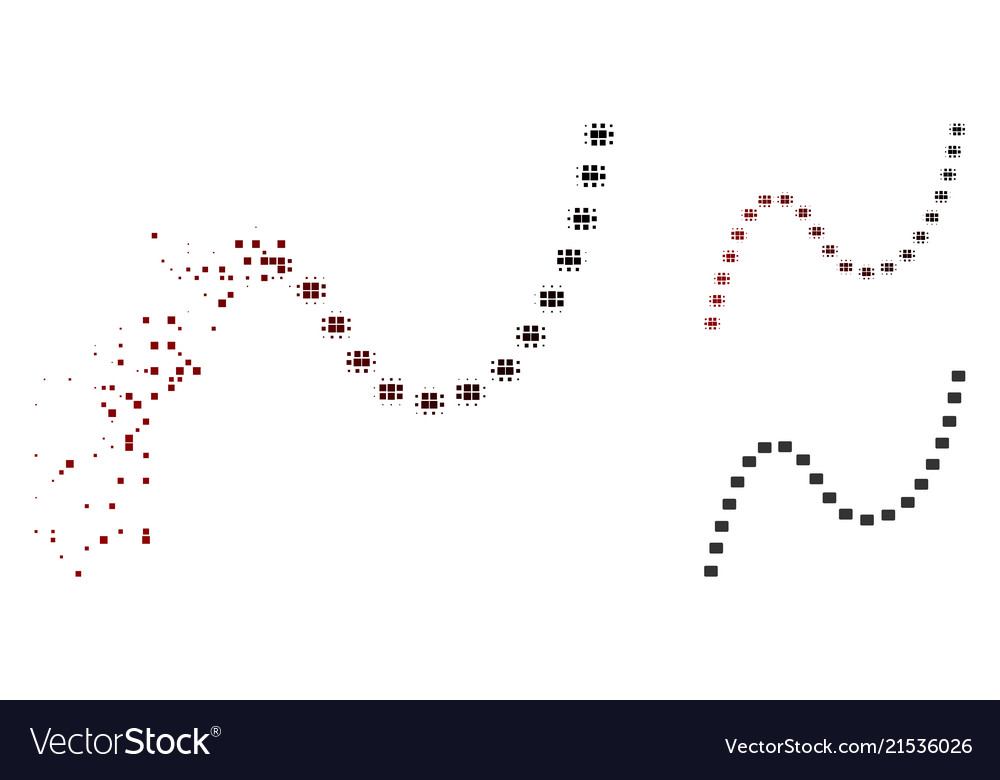 Decomposed pixel halftone dotted curve icon vector image Decomposed pixel halftone dotted curve icon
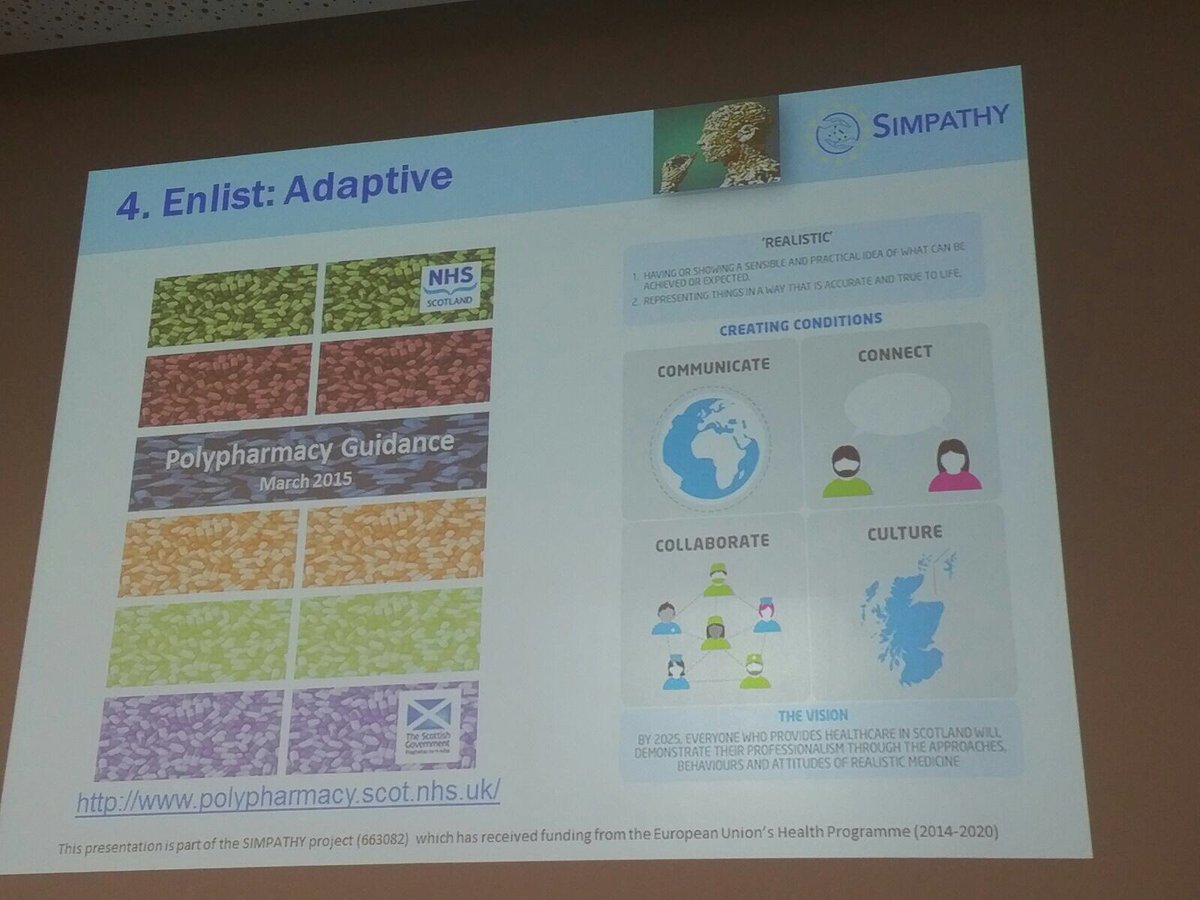 SimpathyProject's tweet image. .@AlpanaMair linking polypharmacy with realistic medicine #SIMPATHY #ICIC17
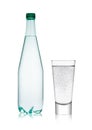 Bottle and glass with healthy sparkling water Royalty Free Stock Photo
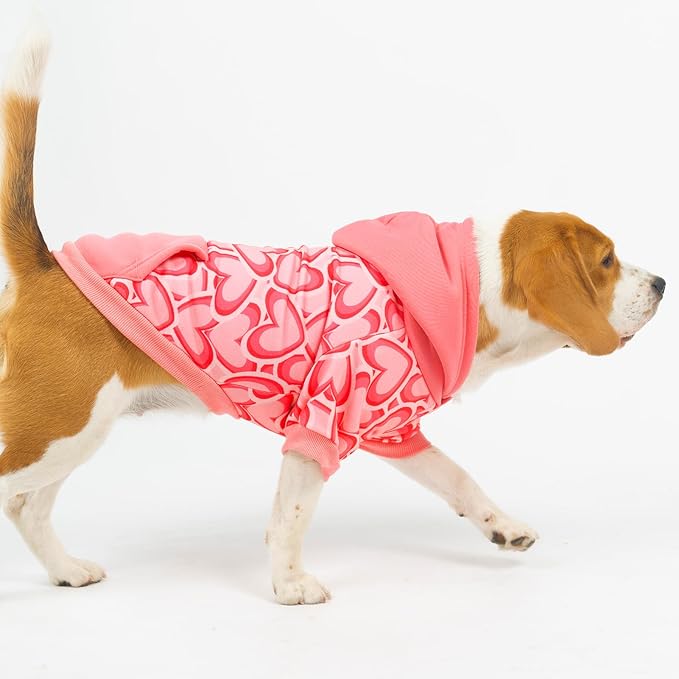 PUPTECK Fall Winter Dog Hoodie Pet Sweatshirt Soft Warm Clothes Fleece Lined with Hat for Small Medium Large Dogs, Pocket Design, Pink XL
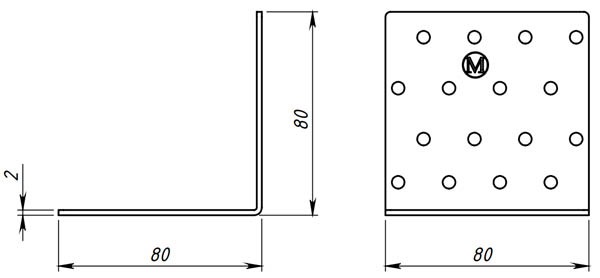 Крепежный равносторонний уголок 80х80х80 - схема, чертеж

▶ **PROBLEM STATEMENT**
Omit the images and transcribe all of the records above word for word.

▶ **SOLUTION TO THIS EXERCISE**
 Decomposed pixel halftone dotted curve icon vector image Decomposed pixel halftone dotted curve icon
 SimpathyProject's tweet image. .@AlpanaMair linking polypharmacy with realistic medicine #SIMPATHY #ICIC17
 Bottle and glass with healthy sparkling water Royalty Free Stock Photo
 PUPTECK Fall Winter Dog Hoodie Pet Sweatshirt Soft Warm Clothes Fleece Lined with Hat for Small Medium Large Dogs, Pocket Design, Pink XL
 Крепежный равносторонний уголок 80х80х80 - схема, чертеж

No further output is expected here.